DATA FOR ANALYSIS
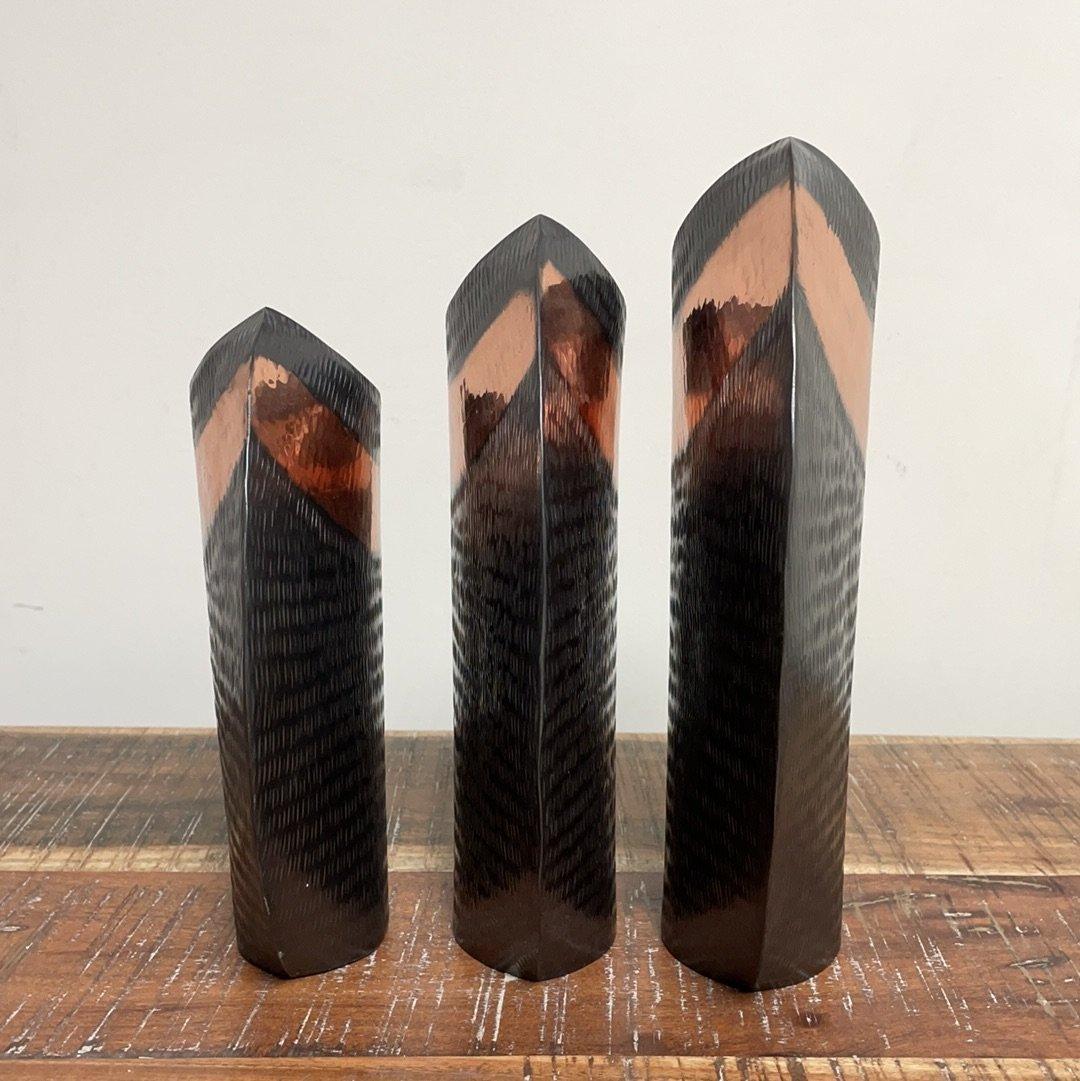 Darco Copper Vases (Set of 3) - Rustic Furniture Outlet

* * *

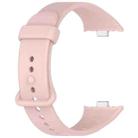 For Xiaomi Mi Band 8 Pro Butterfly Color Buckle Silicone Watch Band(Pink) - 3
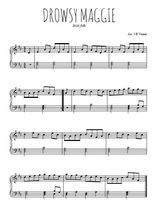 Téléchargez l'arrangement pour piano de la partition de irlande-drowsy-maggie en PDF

PROMPT
Each line between the one holding "For Xiaomi Mi" and the one holding "Téléchargez l'arrangement pour", inclusive, should be copied exactly as it appears above, and pictures should be omitted.

WORKED SOLUTION
 For Xiaomi Mi Band 8 Pro Butterfly Color Buckle Silicone Watch Band(Pink) - 3
 Téléchargez l'arrangement pour piano de la partition de irlande-drowsy-maggie en PDF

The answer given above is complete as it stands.